=== Task directions ===
Please copy each line of the listing below precisely, excluding the images.

=== Exercise data ===
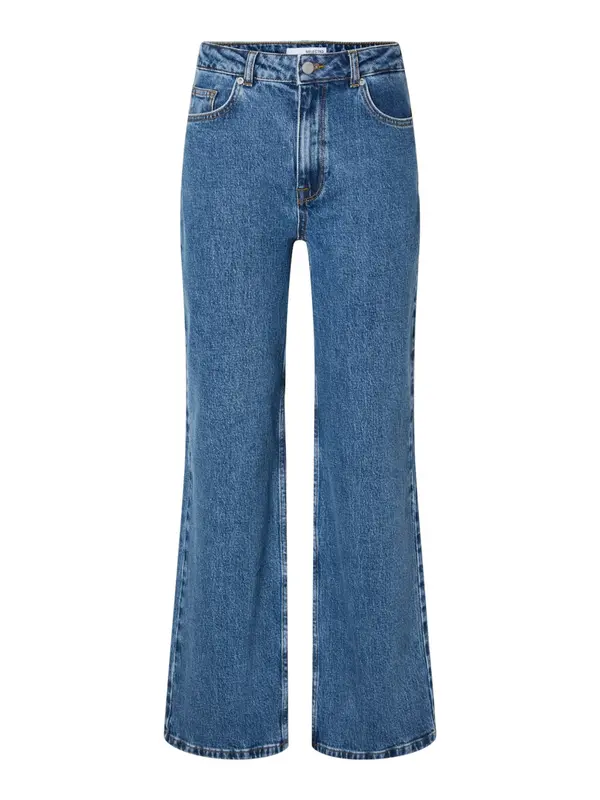 SELECTED SELECTED Kavbojke 'Alice'  moder denim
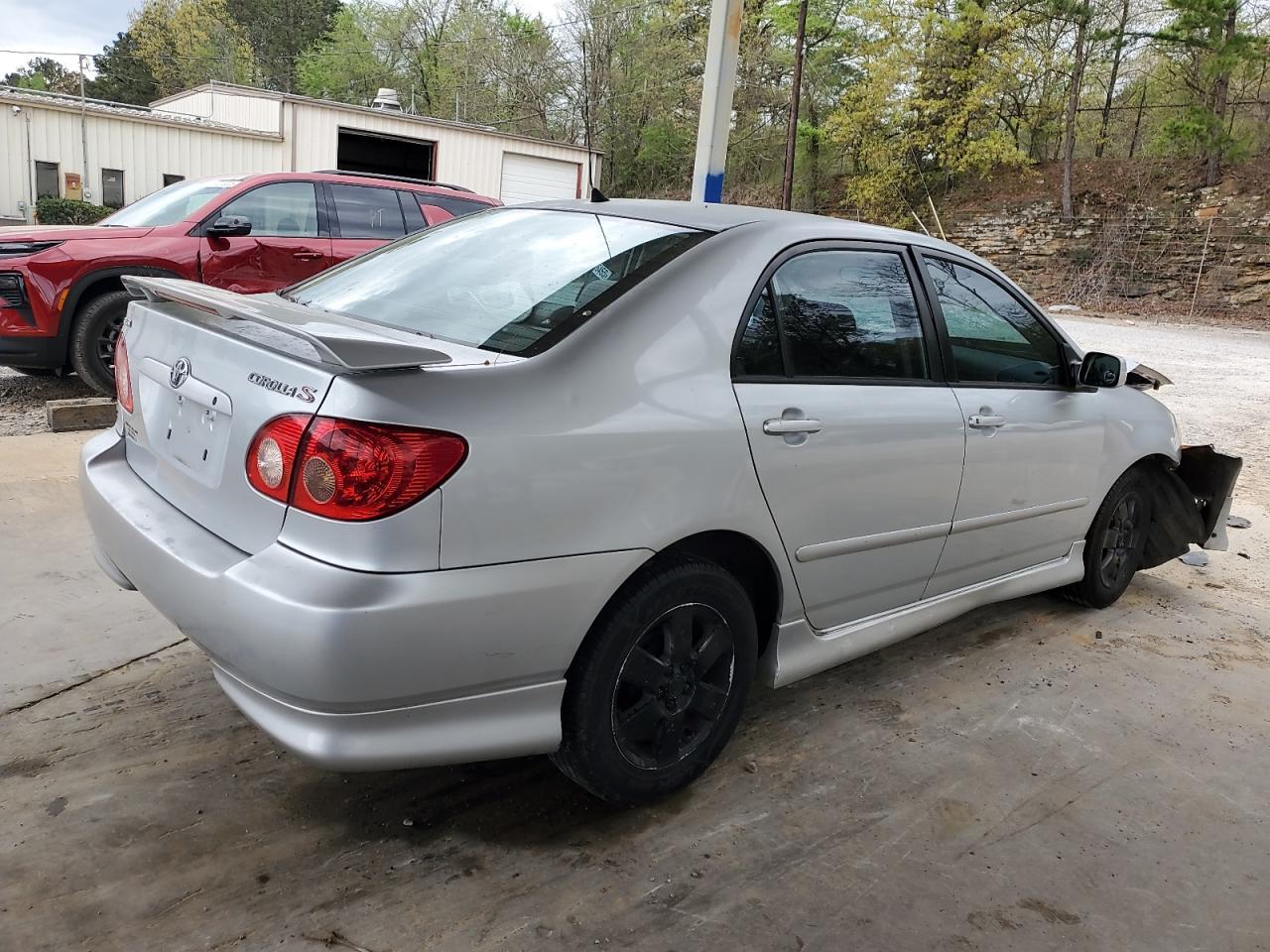 2007 Toyota Corolla Ce - Фото 3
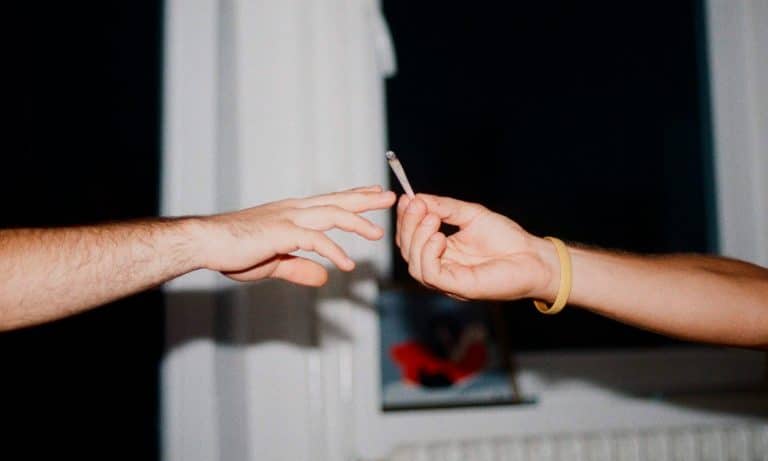 How Do I Stop People From Mooching My Weed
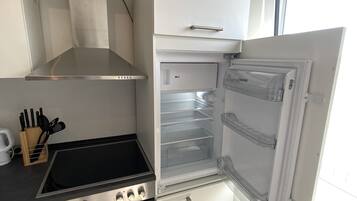Comfort-Apartment | Eigene Küche | Großer Kühlschrank, Ofen, Herdplatte, Geschirrspüler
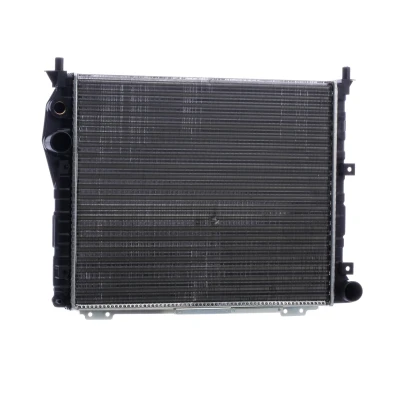 Bilde av NRF 58743 Radiator Aluminium 488 415 34 Kjøleribber satt sammen mekanisk
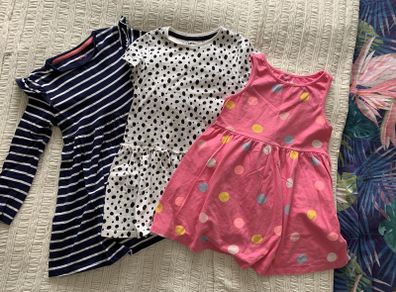 Dresses  3-4/5 years old like new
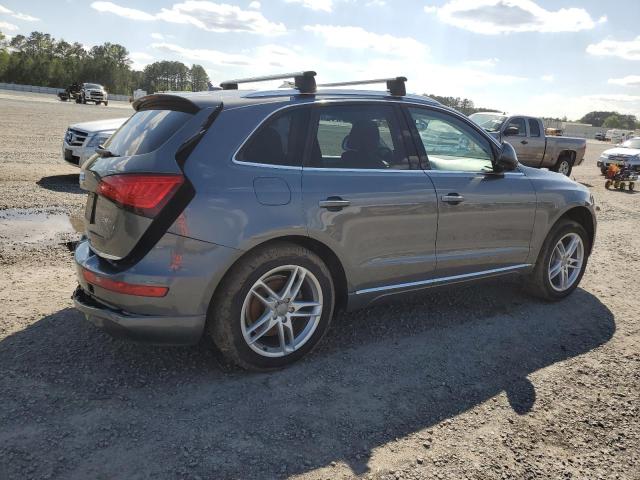  AUDI Q5 2015 Сірий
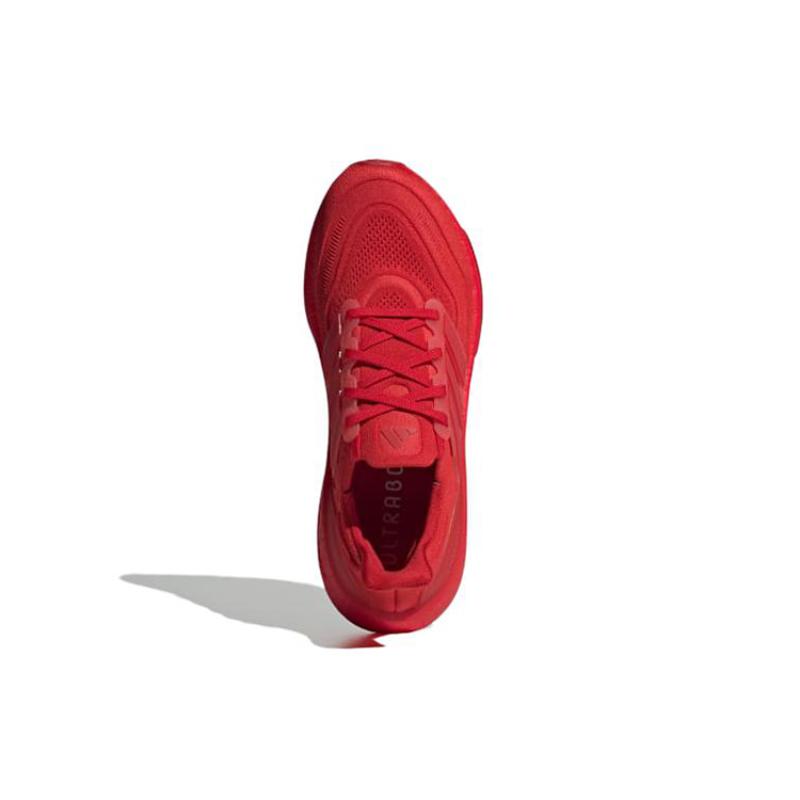 adidas Ultra Boost Light Better Scarlet Cloud White Sneakers IE3042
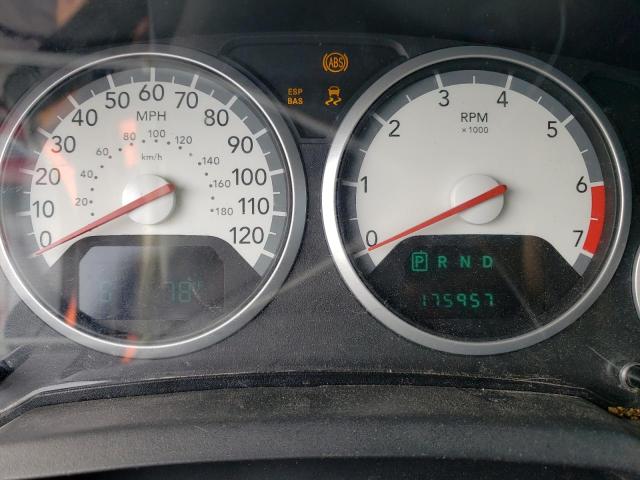 Photo 8 from auction – 2010 DODGE GRAND CARA with VIN 2D4RN5D1XAR118561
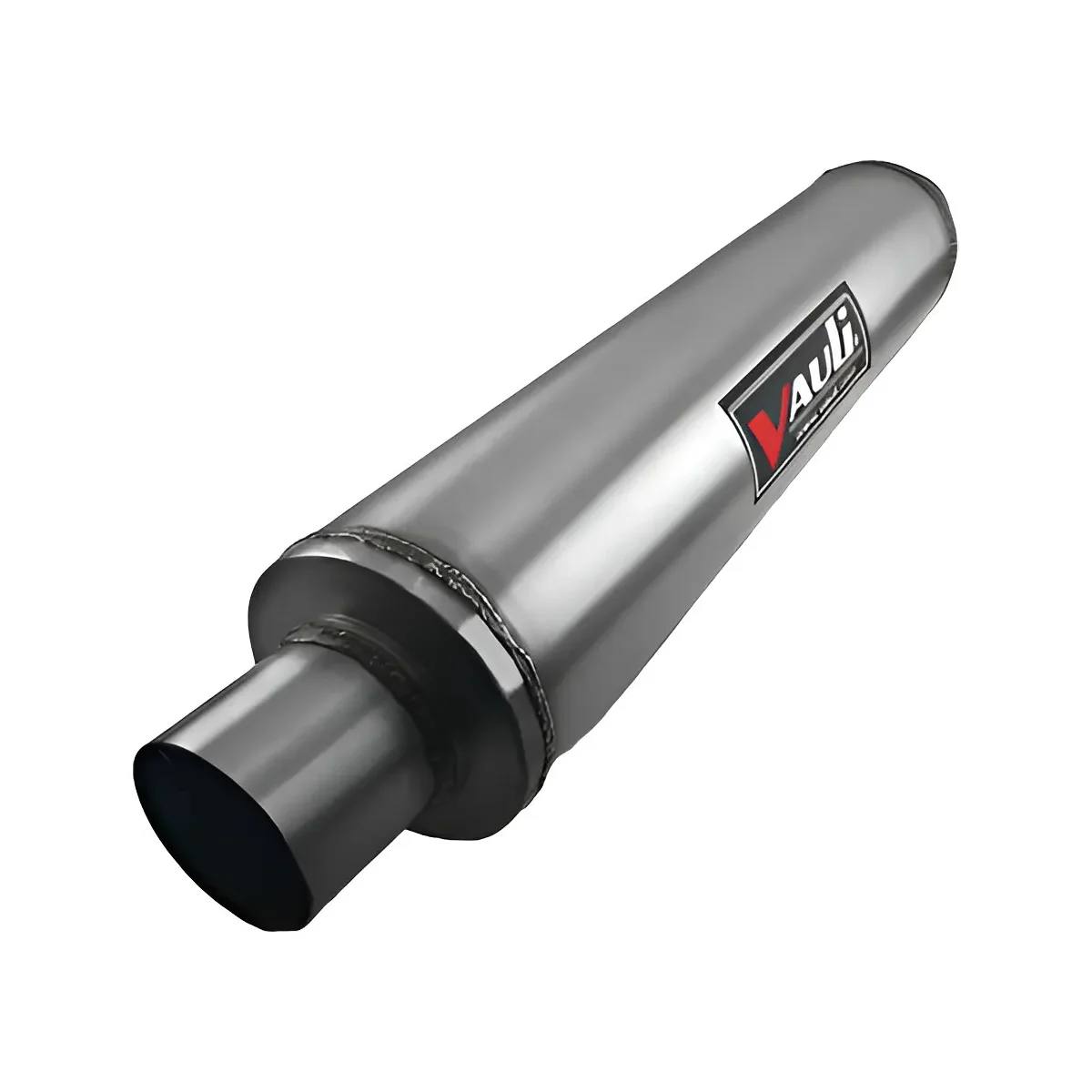Silenciador Deportivo De Alto Flujo 5x18 Acero Inox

=== Answer to the problem ===
 SELECTED SELECTED Kavbojke 'Alice'  moder denim
 2007 Toyota Corolla Ce - Фото 3
 How Do I Stop People From Mooching My Weed
Comfort-Apartment | Eigene Küche | Großer Kühlschrank, Ofen, Herdplatte, Geschirrspüler
 Bilde av NRF 58743 Radiator Aluminium 488 415 34 Kjøleribber satt sammen mekanisk
 Dresses  3-4/5 years old like new
  AUDI Q5 2015 Сірий
 adidas Ultra Boost Light Better Scarlet Cloud White Sneakers IE3042
 Photo 8 from auction – 2010 DODGE GRAND CARA with VIN 2D4RN5D1XAR118561
Silenciador Deportivo De Alto Flujo 5x18 Acero Inox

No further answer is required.